**What the task asks**
Copy each entry precisely as written, and do not carry over the pictures.

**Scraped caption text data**
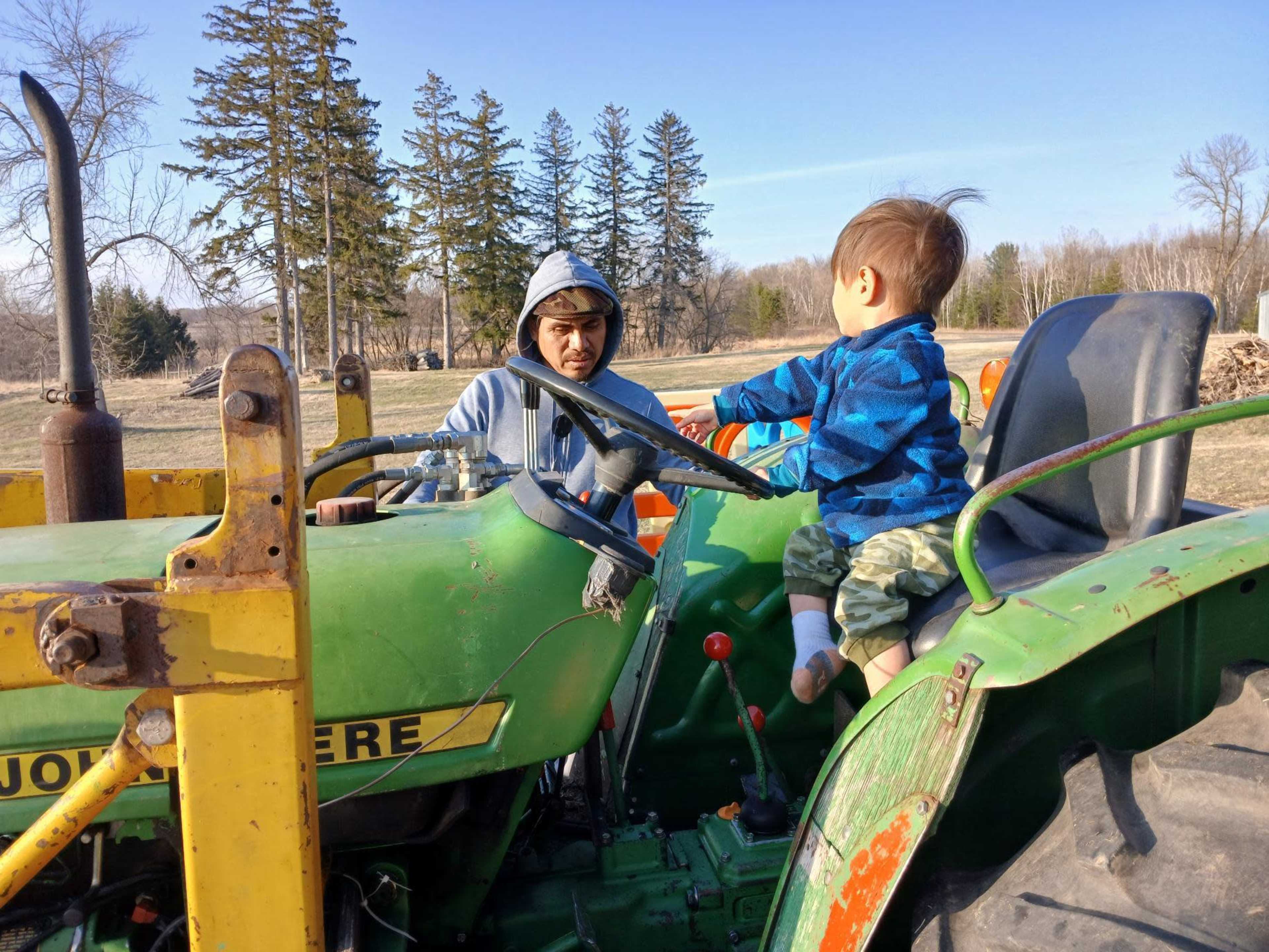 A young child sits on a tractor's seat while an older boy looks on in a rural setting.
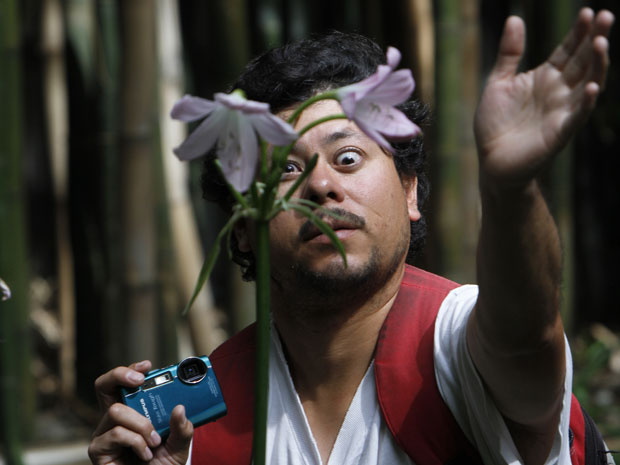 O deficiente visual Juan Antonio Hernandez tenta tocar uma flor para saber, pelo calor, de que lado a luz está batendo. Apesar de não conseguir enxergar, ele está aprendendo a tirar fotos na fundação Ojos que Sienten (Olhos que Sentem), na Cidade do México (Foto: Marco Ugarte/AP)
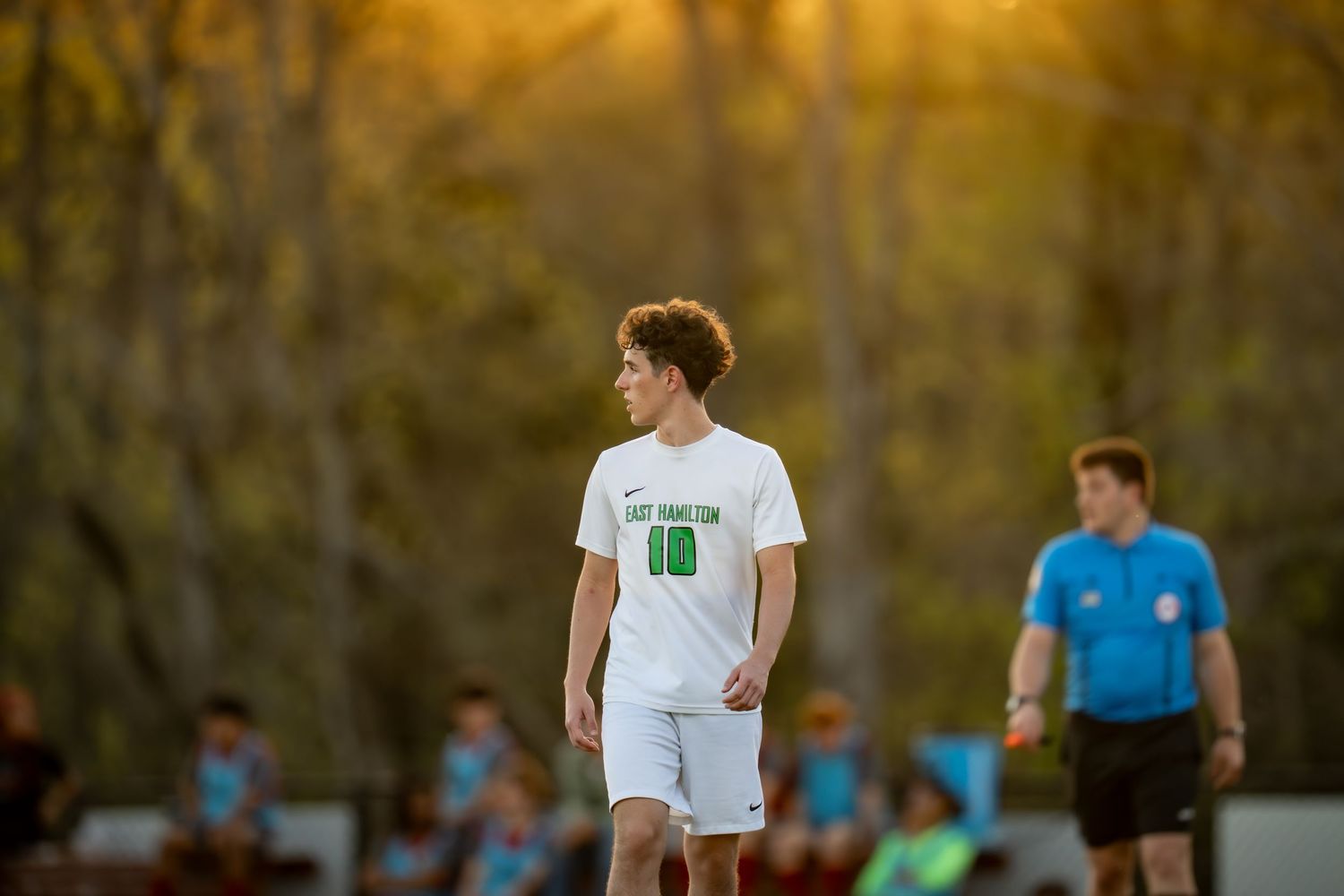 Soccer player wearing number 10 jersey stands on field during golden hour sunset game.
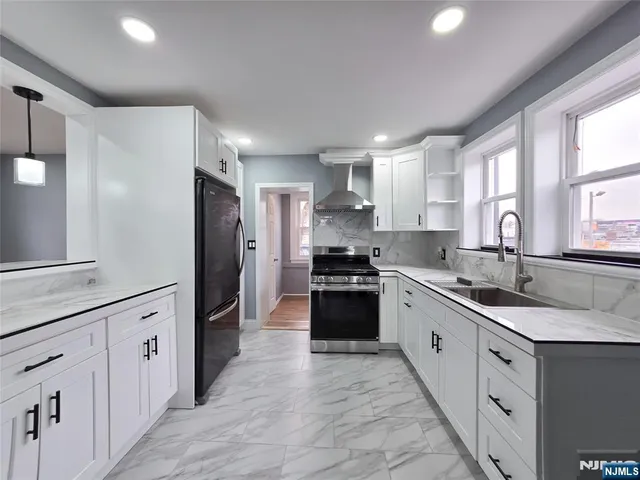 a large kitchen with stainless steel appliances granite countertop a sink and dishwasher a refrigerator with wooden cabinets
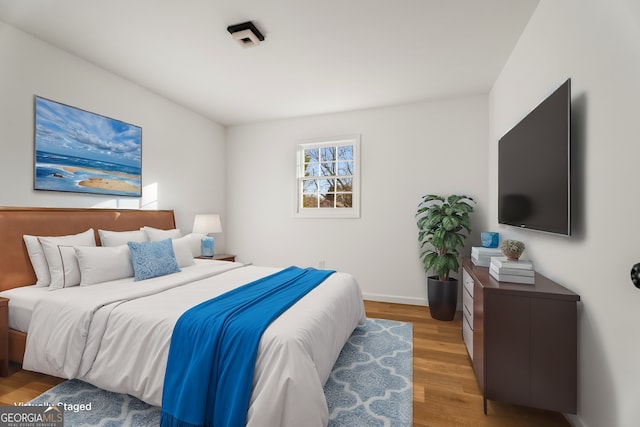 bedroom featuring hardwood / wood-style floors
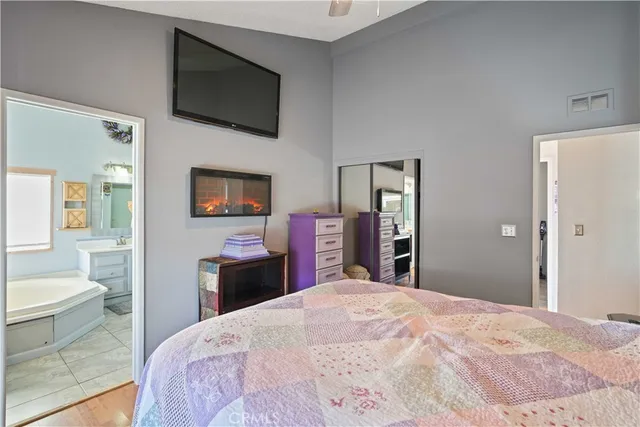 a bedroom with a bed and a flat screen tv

**Task result**
 A young child sits on a tractor's seat while an older boy looks on in a rural setting.
 O deficiente visual Juan Antonio Hernandez tenta tocar uma flor para saber, pelo calor, de que lado a luz está batendo. Apesar de não conseguir enxergar, ele está aprendendo a tirar fotos na fundação Ojos que Sienten (Olhos que Sentem), na Cidade do México (Foto: Marco Ugarte/AP)
 Soccer player wearing number 10 jersey stands on field during golden hour sunset game.
 a large kitchen with stainless steel appliances granite countertop a sink and dishwasher a refrigerator with wooden cabinets
 bedroom featuring hardwood / wood-style floors
 a bedroom with a bed and a flat screen tv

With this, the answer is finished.